Push to Shorten IDF Service for New Immigrants
The debate of whether to lengthen IDF service for certain sectors of the population, including hesder yeshivas, has been swirling through the Knesset for the past several months.
But on Wednesday, MK Yoni Chetboun (Jewish Home) pushed for the opposite: the possibility of making a 'fast track' for IDF recruits who have recently immigrated to Israel.
Chetboun, who is the Chair of the Knesset Caucus for French Immigration, presented the push during a hearing with the Committee for Immigration, Absorption and Diaspora Affairs. The government is embarking on a major program to bring French Jews to Israel en masse in response to anti-Semitism there, and has made an extra effort to reach the young adult population.
"People make aliyah for Zionist reasons," Chetboun noted, "but even Zionist have their obstacles [to overcome]. We must understand that for us, IDF service is part of the ethos and the [natural] story of our lives, but in the Diaspora there is a different perspective. The gap between the alternatives a French Jewish teenager faces in his future - studying at the Sorbonne [major French higher educational institution in Paris - ed.], for example - versus three years in the IDF can provide a real obstacle to Aliyah."
Benyamin Toati, head of the French Desk of World Bnei Akiva, opined that there already are alternatives to traditional IDF service.
"Machal, the optional IDF draft program for volunteers from the Diaspora, is designated for Jews who do not want to make Aliyah," Toati stated. "Among French immigrants, at least, serving in Machal is a way to shorten military service [before making Aliyah later on]."
Committee Chairman MK Yoel Razvozov (Yesh Atid) noted that, whatever the solution, there is a need to change the status quo.
"[IDF] service is very important, especially in terms of integrating into society," Razvozov stated. "We must find the right formula to integrate immigrants into military service in accordance to their needs."
Yeshayahu Michaeli, head of the Aliyah program Na'aleh, disagreed. "Whoever wants to make Aliyah does not have a single excuse not to do what the government tells them [to do]," he opined. "Serving in the military is critical for integrating into society."

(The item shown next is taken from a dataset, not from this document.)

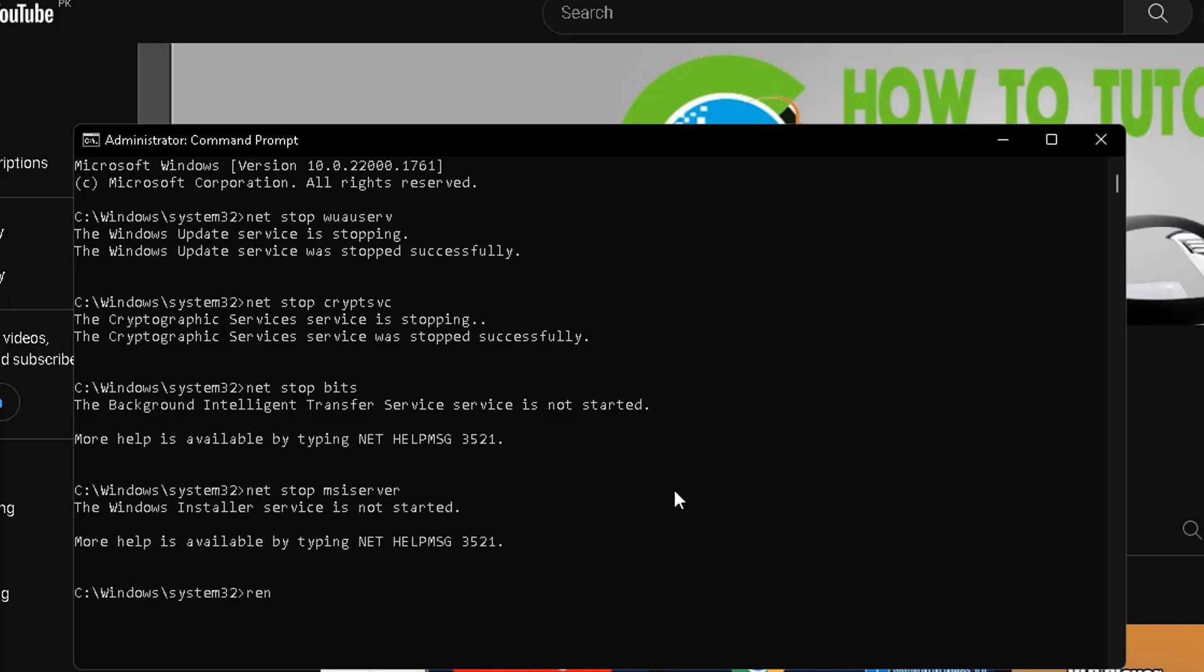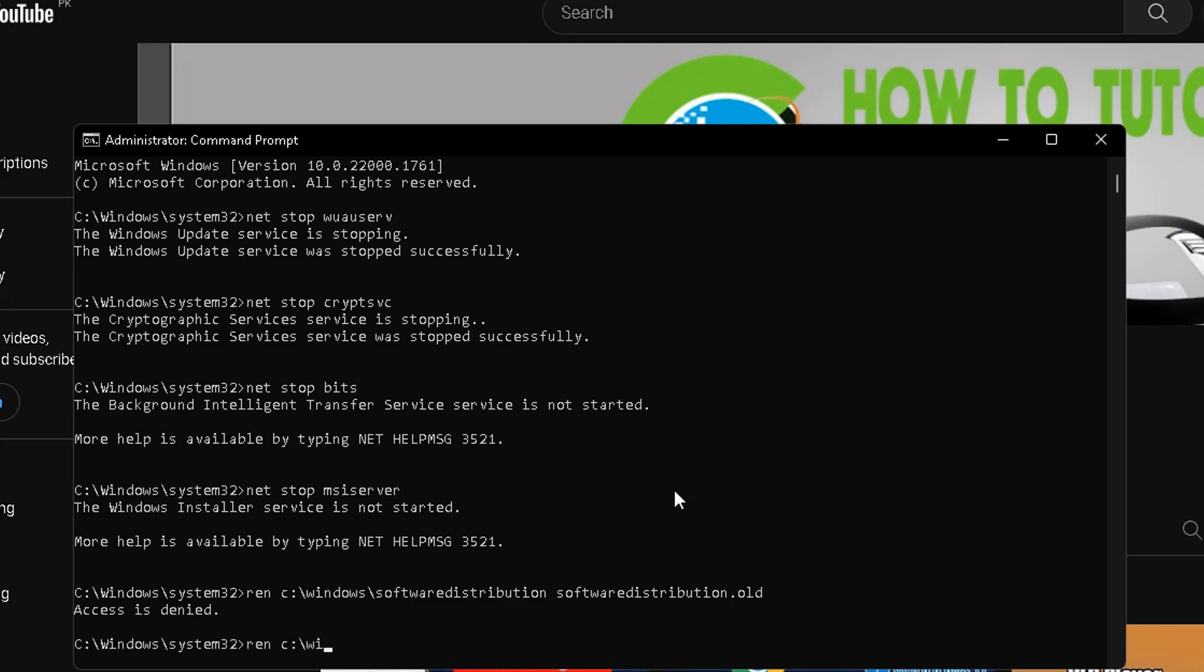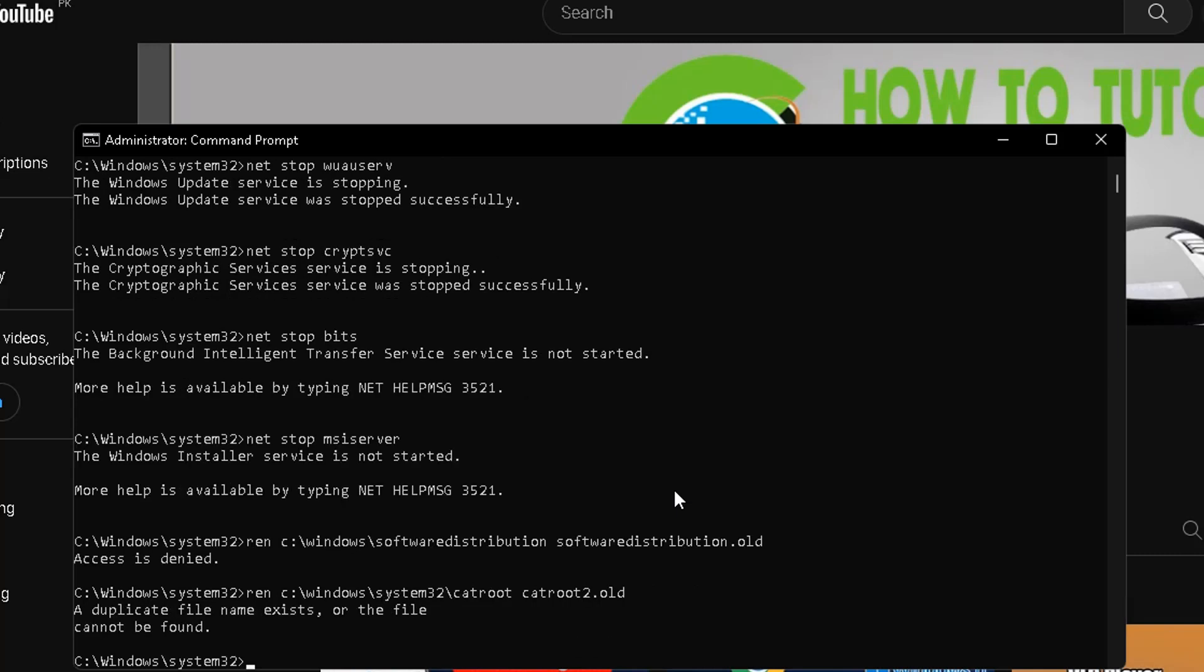After that, type the command: ren C:\Windows\SoftwareDistribution SoftwareDistribution.old and press Enter. After that, type the command and press Enter.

IDF Induction Base Commander Colonel Gil Ben Shaul noted that the IDF service is not only a critical part of integration, but could also be a positive and transformative experience.
"The IDF is not an obstacle - it's a step forward," he reasoned. "It is my understanding that the Diaspora community's frustration with IDF service stems from lack of knowledge and explanations about the IDF from organizations not familiar with the details. We are working carefully to solve specific problems facing new immigrants."
"At this point we cannot even consider changing the length of immigrants' IDF service at all," he continued. "Anyone who comes to Israel before the age of 18 is obligated to serve three years; for those who make Aliyah after 18, the length of service decreases [incrementally] until by age 22, the obligation is only six months. There are many immigrants who, despite their age, have asked to complete the full military service and there are no small number of cases of recruits aged 28 who serve as combat fighters in the IDF. They understand that the army is the ticket to integration into Israeli society."
"If you can come to an agreement whereby the service of hesder yeshiva students and yeshiva students from the hareidi sector are reduced, I see no reason why we can't make a similar 'fast-track' for new immigrants," MK Nissim Ze'ev (Shas) argued. "Jews in France are in distress, and the IDF is a real obstacle for them to make Aliyah. This is closing the gates."
The meeting concluded with MKs Chetboun and Razvozov setting another meeting to be held with representatives from the IDF, the Ministry of Defense, and the Ministry of Immigration and Absorption to discuss the possibility of forming a shortened IDF service plan for potential immigrants to Israel.